The contemporary works featured in this exhibition belong to a distinguished history of poem/objects and concrete language experiments dating to the beginnings of modernism, and include both Futurist and Dada objects as well as Neo-Dada experiments of the late 1950s, and works that sprang from international literary movements like concrete and sound poetry in Europe, Latin America, and the United States. This history is presented in the form of a timeline of objects in many mediums that tell a story of concrete language in visual art, including Filippo Tommaso Marinetti’s iconic Vive la France drawing from 1914; Marcel Duchamp’s disc poems for his film Anemic Cinema (1926); Noigandres (1952–58), the publication by Augusto and Haroldo de Campos that introduced the concept of concrete poetry to a wider public; Robert Smithson’s A Heap of Language (1966); and a re-creation of poet and performer John Giorno’s Dial-A-Poem (1969–), an interactive telephonic work exhibited in MoMA’s legendary Information exhibition (1970).
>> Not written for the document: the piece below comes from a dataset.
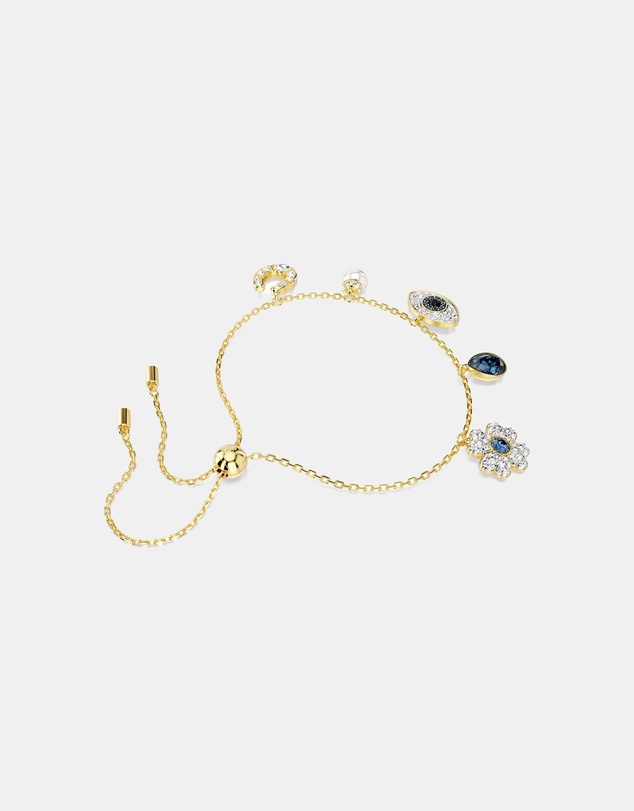 Swarovski - Symbolica bracelet, Crystal pearl, Clover, evil eye and horseshoe, Blue, Gold-tone plated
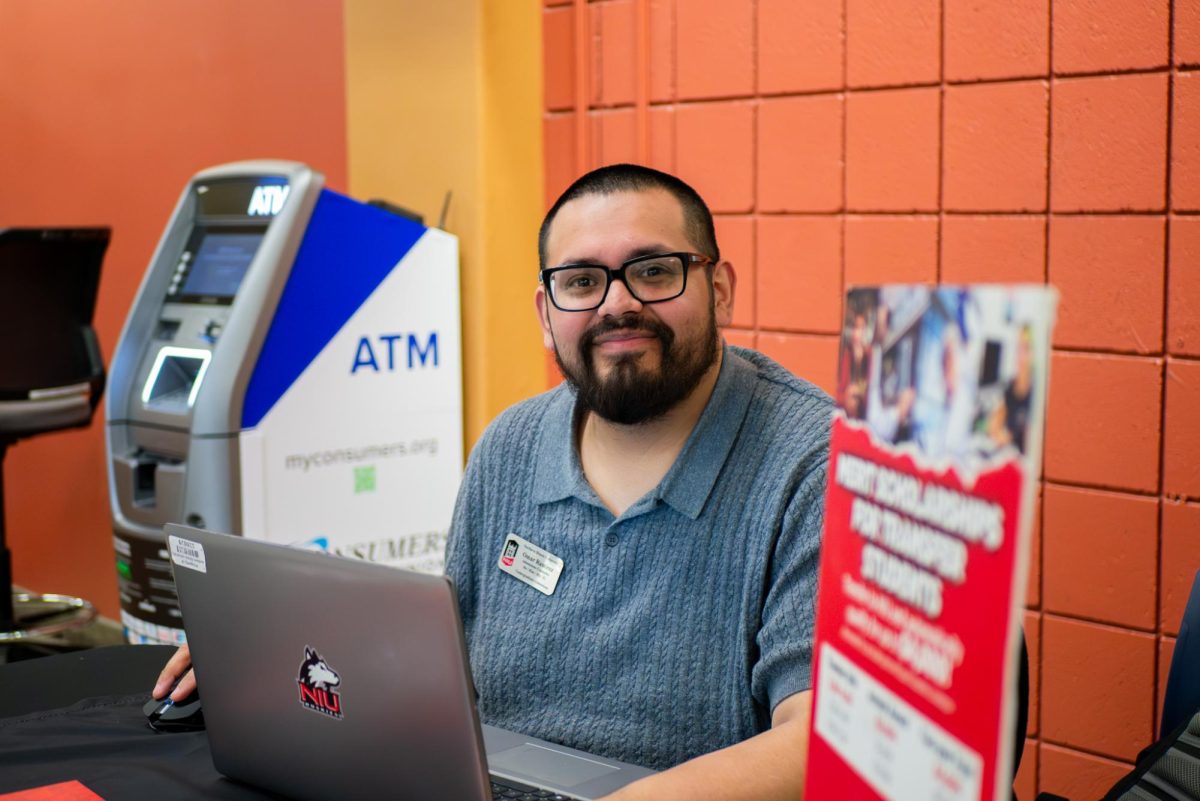 Omar Ramirez, admissions counselor at Northern Illinois University, reflects on his academic journey on April 6, 2026. Ramirez is an ECC graduate who now helps guide students to a seamless transition into NIU.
Dial-A-Poem, which features poems by poets, artists, and musicians like John Ashbery, Joe Brainard, William Burroughs, Allen Ginsberg, Philip Glass, and Laurie Anderson, among many others, allows visitors to access poems inside the exhibition space, for free via telephone by dialing the following local New York phone number (347) 763-8001 (active from May 1 until the exhibition closes on August 27, 2012) and through MoMA.org.
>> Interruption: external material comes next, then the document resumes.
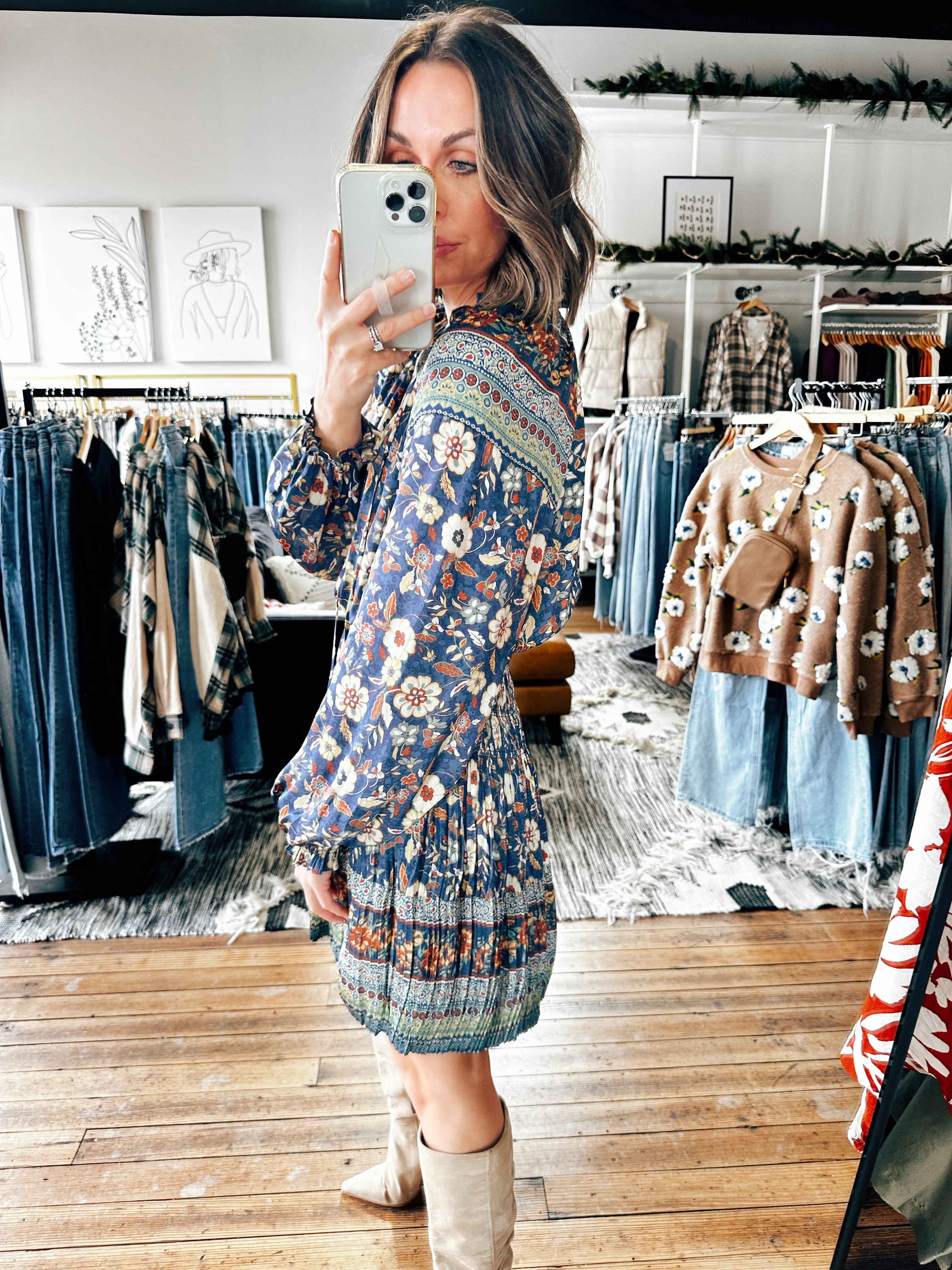 Sadie Smocked Waist Mini Dress w/ Split Neck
Although they are similar in inspiration, the contemporary works in Ecstatic Alphabets/Heaps of Language represent a radical updating of the concrete language experiments of the 20th century. Moving freely among disciplines, the contemporary artists in this exhibition function simultaneously as poets, writers, performers, and graphic designers, producing hybrid works of art in which the letter, the word, and the phrase are transcribed into sounds, symbols, pictures, or patterns, scrambled, negated, and most importantly, freed from the page and, in some cases, the duties of communication altogether.
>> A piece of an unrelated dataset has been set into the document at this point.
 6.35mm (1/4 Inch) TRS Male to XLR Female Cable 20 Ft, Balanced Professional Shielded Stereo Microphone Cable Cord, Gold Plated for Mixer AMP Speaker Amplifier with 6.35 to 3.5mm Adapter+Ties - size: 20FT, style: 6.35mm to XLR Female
In the spirit of earlier concrete language experiments, all of the recent works in the exhibition have an abiding connection to poetry, which runs like a subtheme through the show, adding the ecstatic element to each work. The contemporary section of the show includes works by Ei Arakawa/Nikolas Gambaroff, Tauba Auerbach, Dexter Sinister (David Reinfurt and Stuart Bailey), Trisha Donnelly, Shannon Ebner, Paul Elliman, Experimental Jetset, Sharon Hayes, Karl Holmqvist, Paulina Olowska, Adam Pendleton, and Nora Schultz. Among the notable installations included in this portion of the exhibition is Paul Elliman’s Found Fount (1989–present), an ongoing collection of more than 10,000 manmade found objects (in the words of the artist, “a system to describe the world using the world itself”), which together create a usable font in which no character is used more than once. A legendary project that has been influential to artists and graphic designers alike, it is exhibited here for the first time. Other works include Auerbach’s RGB Colorspace Atlas (2011), a series of three computer-generated books, which offer a vibrant physicalization of the color spectrum in book form; and Arakawa and Gambaroff’s Two-Alphabet Monograms (2011), a set of 325 unique canvas flags that contain all combinations of two-letter
monograms, which is combined with a single-channel audio recording of the phonemes being pronounced.